Atria moves around the cackling aviary dodging the flying babies and filling bowls with fresh water; “I enjoy volunteering here so much… working with the animals is therapeutic. Even some of the more mundane tasks like sweeping out the aviary or changing sheets… allow you to be outside of yourself. And it’s really nice to just lose yourself in helping the animals. It’s nice.”
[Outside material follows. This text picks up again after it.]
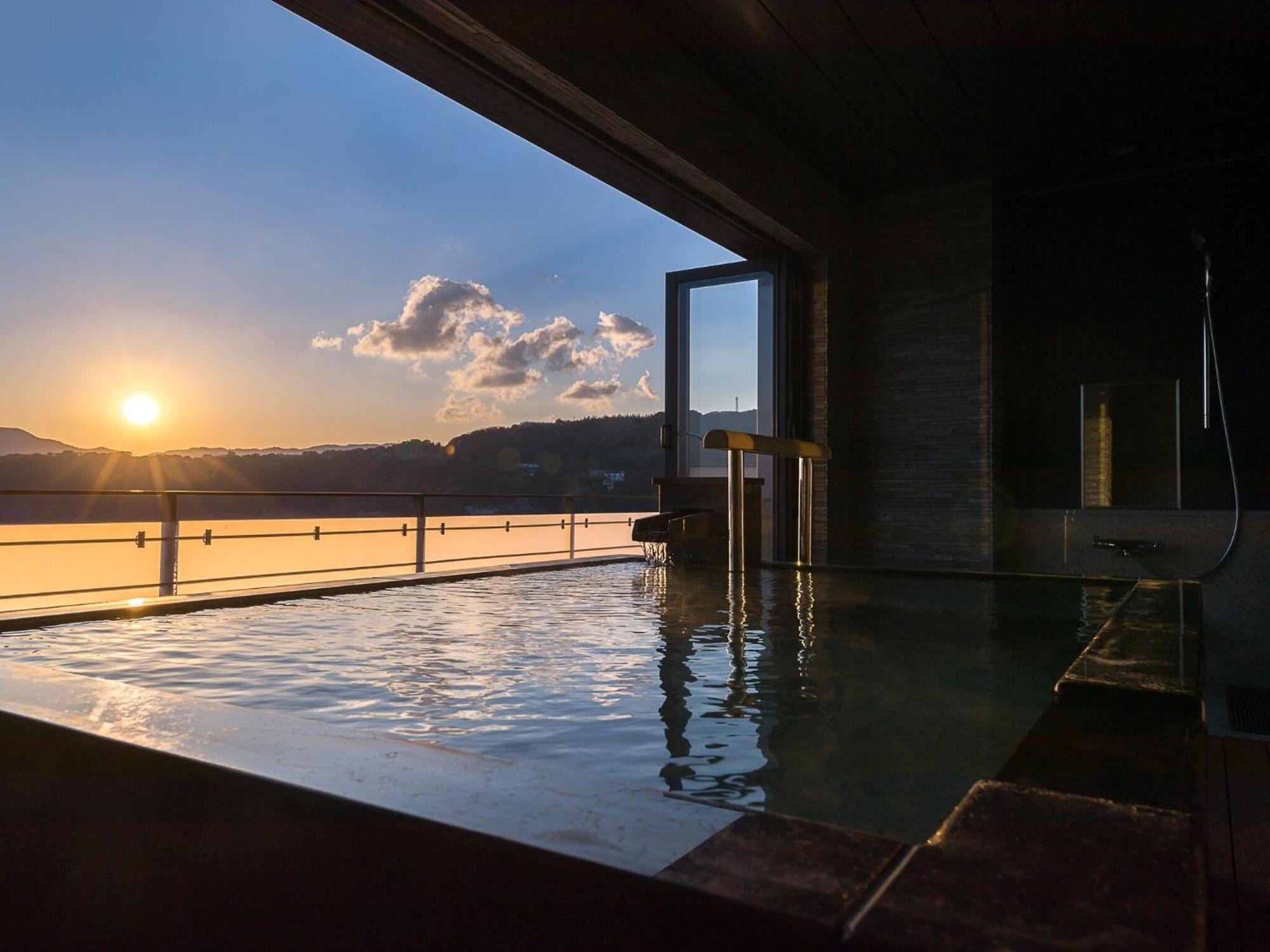 Inatori Ginsuiso Hotel Higashiizu Buitenkant foto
My crow learning curve has been pretty steep recently. Here in Santa Barbara County you are most likely to find the good old American crow which is ubiquitous throughout the United States, Canada, and Mexico. Halfway through the 2020 wildlife baby season it feels like most of those North American Crows are hanging out right here.
My Montecito property was labeled “great crow habitat” and a natural “crow release site” and so I was delighted with the two crates of eight crows delivered to my backyard. Food and water was placed on the crow stand where the excited young birds gathered after settling in to their new home.
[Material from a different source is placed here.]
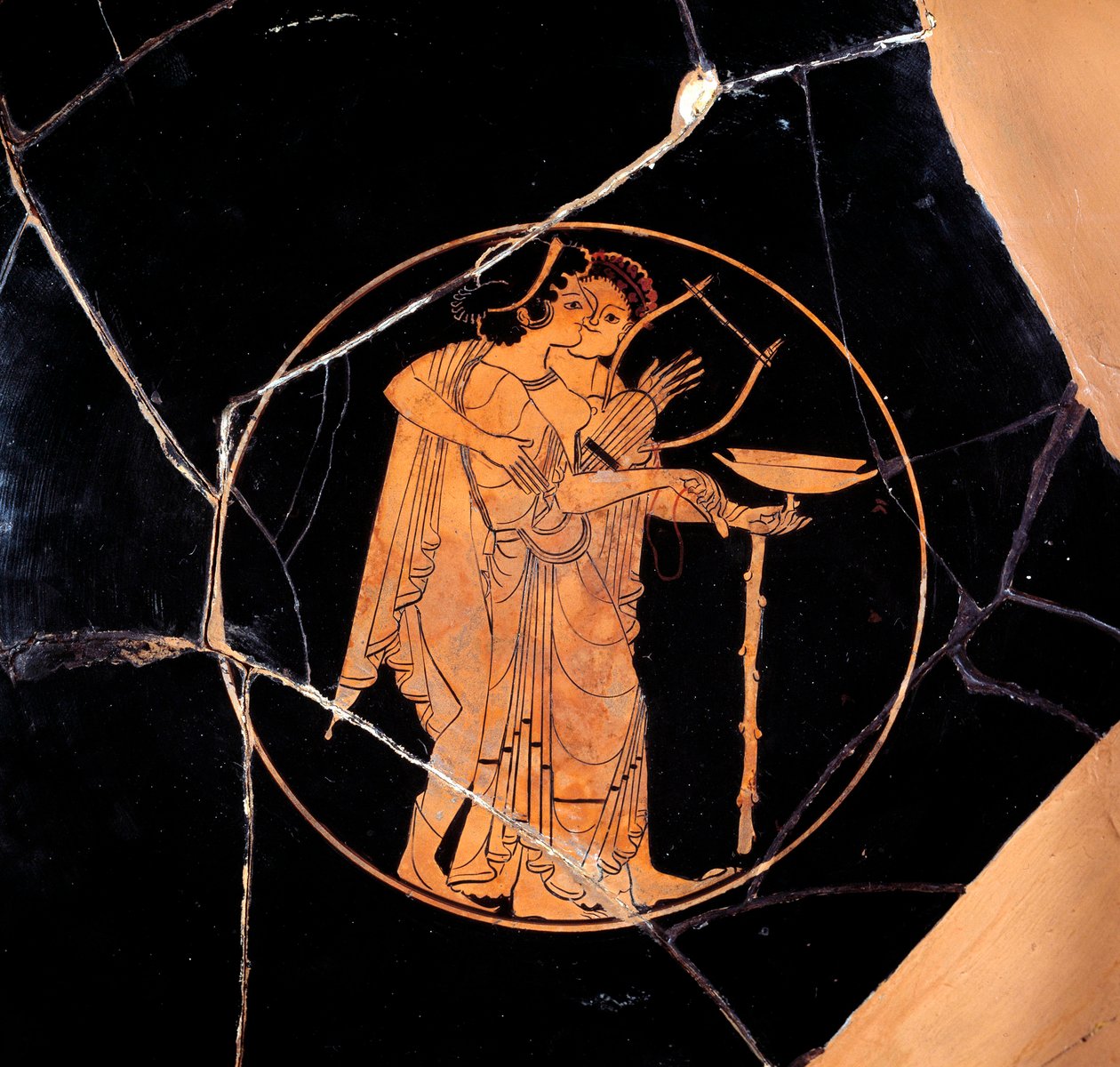 Starożytna Grecja: Puchar z czerwonymi cyframi. Ceramika przypisywana Malarzowi Pedieusowi (koniec VI wieku pne), 510-500 pne Paryż, Musee Du Louvre autorstwa Greek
For two weeks we kept the bowls filled with worms and doggie kibble and watermelon… and for two weeks the young crows would fly in several times a day for a drink and a nibble as they meandered farther and farther from their release spot.
Then we went away on a short vacation and the feeding stopped and upon our return the crows were gone and we were sad to lose them but happy they were free. And then three evenings ago we looked up into the big spruce and saw that one of the youngsters had returned and she didn’t look good. So we filled the bowls with food and water again and she came down onto the table to feed. Her blue eyes were bright and cautious. We named her Sheryl Crow.
The next morning we were shocked to find Sheryl out on the driveway lying on her side. We put her into a box and rushed her to the Wildlife Center where Avery our new brilliant wildlife vet diagnosed malnutrition, treated her with subcutaneous IV electrolytes and a feeding tube full of liquid nutrition, and sent us home with special high protein bird food. For several days we fed Sheryl as she perched in her makeshift crow pen. And then it was time for her release. We opened the door and she timidly came to the edge of the box and flew up into the big spruce … cackled… and was gone.
The following day as I sat beneath the spruce… I thought about Sheryl Crow and where she might be and whether she was ok wherever she was out in this big vast world. And then I recalled the tale of the old lady and her crow so many years ago. And here I was … The old lady and the crow.
How did that happen?
And I wonder about the deep connection between people and animals.
And I wonder at the magic of the universe.